I've been flipping through the second edition of the "PHP Cookbook" by O'Reilly to see if there are any new tricks I can learn. I've worked with PHP quite a bit from small projects hacking Durpal to much larger ones such as a library management system, but there are always new things to learn. Especially when a language has a massive included API like PHP (and my favorite Python). I'd rather not invent the wheel some I'm actually one of those strange people who browse through API documentations just to see what the language can already do for me. After all, rarely is one the first person to want to do something in code. Enough with that, onto the meat of this post.

In the cookbook I found a recipe for sorting an array using a key function. The benifit of a key function is that it gets evaluated once per item in the array you are sorting, instead of everytime the sorting algorithm needs to compare two items. In Python this is trivial: my_list.sort(key=mykeyfunc) and you are done. However, PHP doesn't seem to have that particular functionality built in. If you are willing to take the performance hit of using a comparison function, then you can use usort or uasort. However, if you wish to speed things up you'll need a different method. 

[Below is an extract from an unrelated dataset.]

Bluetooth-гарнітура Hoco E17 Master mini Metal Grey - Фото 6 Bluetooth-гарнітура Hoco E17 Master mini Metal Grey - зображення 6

The cookbook provides a 10 line function called pc_array_sort which will sort an array using a key function and its faster than usort. I thought cool, that might be handy. Right after that section though was one about array_multisort and after glancing over that I thought there must be a another way than how the cookbook did it. You see, array_multisort sorts multiple arrays like they were columns in a spread sheet, so it will sort the elements of the second array by the order of the sorted elements of the first array. So I opened up TextWrangler and wrote 3 lines that did the same thing . . . but better.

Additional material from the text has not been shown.